===========
Quick Start
===========

Installation
------------

Install with::

    pip install .

This project depends on `jax 0.4.3+ <https://github.com/google/jax>`_, `diffrax 0.3.0+ <https://github.com/patrick-kidger/diffrax>`_, and `jaxtyping <https://github.com/google/jaxtyping>`_.

Note that jax installation is a bit more specialized and requires selection
dependent on your particular system. Thus, it is advised that you install it before this package.

This tutorial additionally uses the library `optax <https://github.com/deepmind/optax>`_ for gradient-based optimization.

Problem Setup
-------------

The key insight in this project is to interpret forecasting of ODE based 
systems as a reparameterization of the state estimation problem.
Throughout the remainder of the quickstart page, we demonstrate
a method to do minimum mean squared error estimation (MMSE) on the manifold of
solutions to a differential equation.

In this example, we will use the Lotka-Volterra system, provided in the
``examples`` module of the library.
This periodic system represents a simple predator-prey population model.

.. math::

    \begin{aligned}
       \dot{x}^{(1)} &= \alpha x^{(1)} - \beta x^{(1)} x^{(2)} \\
       \dot{x}^{(2)} &= \delta x^{(1)}x^{(2)} - \gamma x^{(2)}
    \end{aligned}



We begin by initializing the system and choosing the parameters for the 
ODE solvers.

.. code-block:: python

    from trajectory_manifold import examples
    from trajectory_manifold.manifold import SolverParameters
    from diffrax import Heun

    vector_field = examples.lotka_volterra_vector_field(1,2,4,2)

    parameters = SolverParameters(relative_tolerance = 1e-2,
                                  absolute_tolerance = 1e-2,
                                  step_size = 0.1,
                                  time_interval = (0,10.1),
                                  solver=Heun(),
                                  max_steps=16**5)
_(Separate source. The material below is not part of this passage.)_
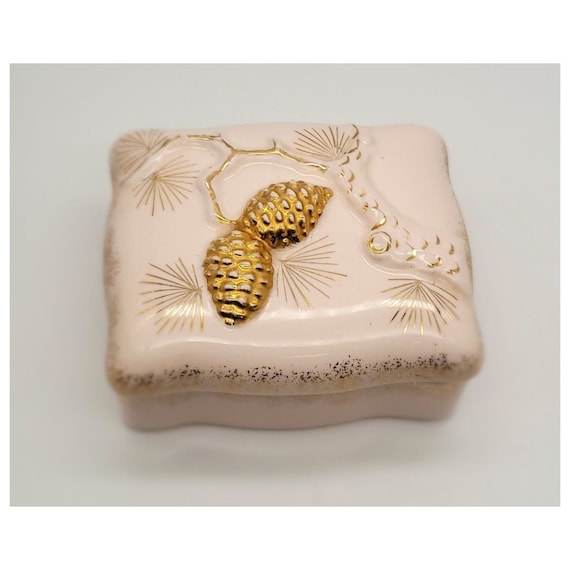 Vintage 1950's Norcrest Ceramic Golden Pine Box - image 1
Next, we construct a helper function to compute solutions of the ODE given
a collection of initial conditions.
To do so, we wrap ``diffeqsolve`` from Diffrax to construct a representation
of :math:`\psi`, or the transformation from initial conditions to the manifold of solutions.
We additionally include an automatic vectorization of :math:`\psi` using ``vmap`` in Jax.

While code is included here, see the the documentation for Jax and Diffrax for more
information.

.. code-block:: python

    from diffrax import ODETerm, SaveAt, PIDController, diffeqsolve
    from jax import jit, vmap
    import jax.numpy as jnp

    term = ODETerm(vector_field)
    solver = parameters.solver
    observation_times = jnp.arange(parameters.time_interval[0], 
                                   parameters.time_interval[1], 
                                   step=parameters.step_size)
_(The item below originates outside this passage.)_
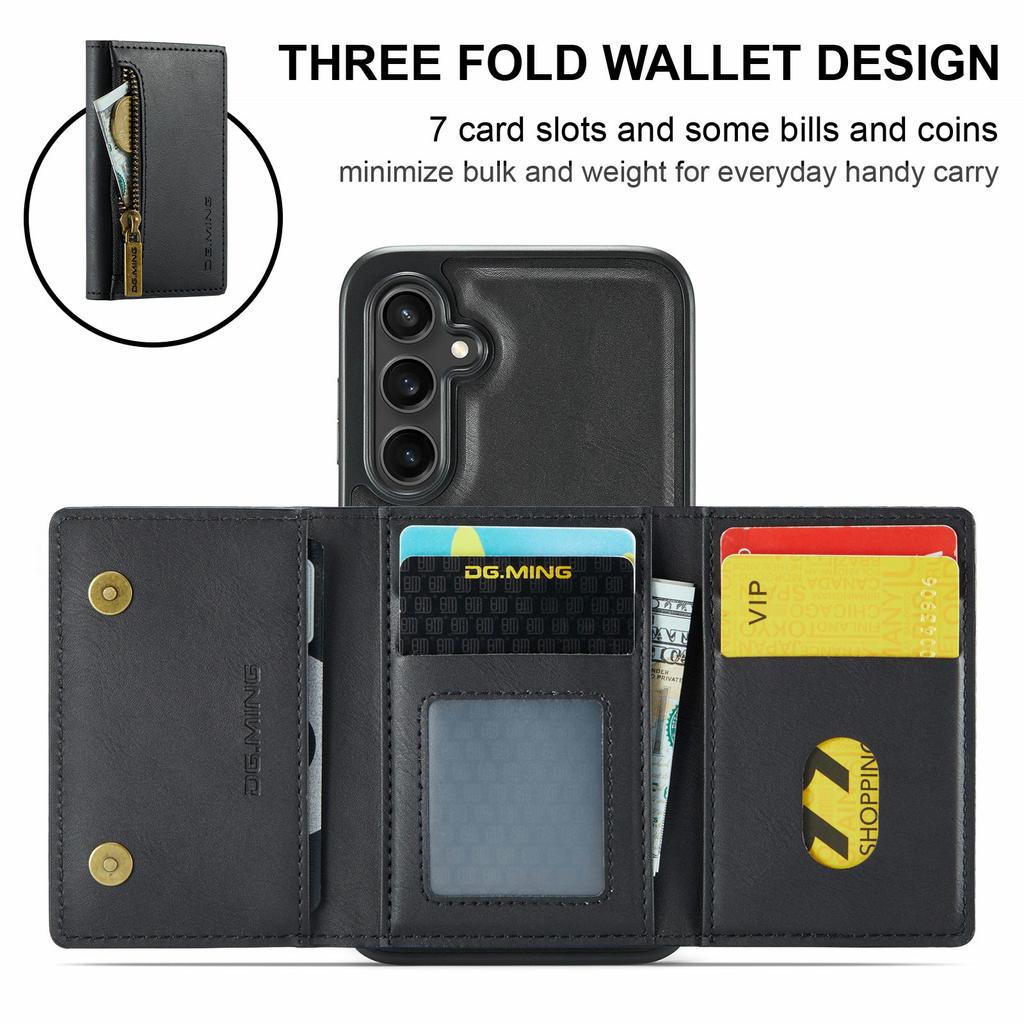 DG.MING M5 Series For Samsung Galaxy S25 FE Case Detachable Magnetic Leather Phone Cover with Card Slots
    saveat = SaveAt(ts = observation_times)

    stepsize_controller = PIDController(rtol = parameters.relative_tolerance,
                                        atol = parameters.absolute_tolerance)

    @jit
    def SolveODE(initial_state):
        return diffeqsolve(term,
                           solver,
                           t0 = parameters.time_interval[0],
                           t1 = parameters.time_interval[1],
                           dt0 = 0.1,
                           saveat = saveat,
                           stepsize_controller = stepsize_controller,
                           y0 = initial_state).ys

    solveODE_v = vmap(SolveODE)

Next, define our likelihood function and prior.
We will consider the case of additive standard multivariate Gaussian noise,
where the conditional distribution of the observation given the state is given
by the following.

.. math::

   p(\mathbf{y}|\mathbf{x}) = \frac{1}{2\pi}e^{-\frac{\|\mathbf{y}-\mathbf{x}\|^2}{2}}.
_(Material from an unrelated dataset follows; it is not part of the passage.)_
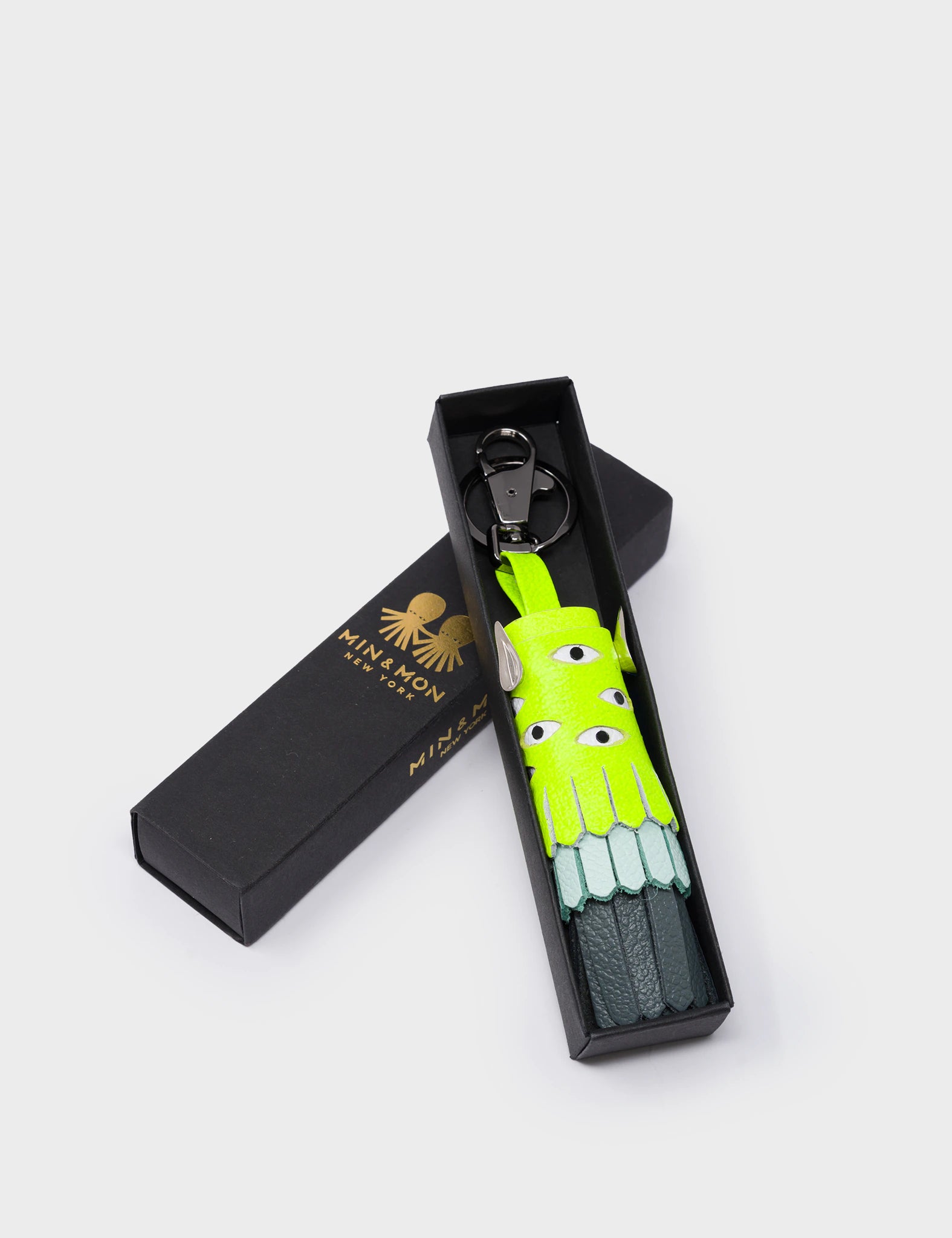 Oliver The Ox Charm - Neon Yellow Leather Keychain - Box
We further assume a uniform prior over a feasible set of initial conditions.

.. math::

   p(\mathbf{x}) = \begin{cases}
        1/4 & \mathbf{x} \in [0.2,2.2] \times [0.2,2.2] \\
        0 & \text{otherwise}
        \end{cases}

For numerical stability, we will encode these in terms of their log likelihood
and their log prior.

.. code-block:: python

    from math import pi

    def observation_log_likelihood(observation, state):
        """Compute log p(y|x) for a given observation and state"""
        partition = jnp.power(2 * pi, -observations.shape[1]/2.0)
        return jnp.log(partition) - jnp.sum(jnp.square(observation - state))/2

    def state_log_prior(state):
        """Compute log p(x) for a given state"""
        return -1 * jnp.log(4)


Generate Observations
---------------------

We next simulate an observation process.
To do so, we solve the ODE and add noise to each sample.
As the focus is forecasting with limited data, we then only take 5 measurements, each spaced by 0.6 seconds of simulation time.

.. code-block:: python

    from jax import random

    dimension = 2
    subsample = 6
    center = 1.2 

    key = random.PRNGKey(123)
    key, subkey = random.split(key)
    true_init = 2 * random.uniform(subkey, shape=(dimension,)) + center - 1

    states = SolveODE(true_init)

    key, subkey = random.split(key)
    noise = random.normal(subkey, shape=states.shape)
    observations = states + noise
    observation_times = observation_times[:30:subsample]
    observations = observations[:30:subsample,:]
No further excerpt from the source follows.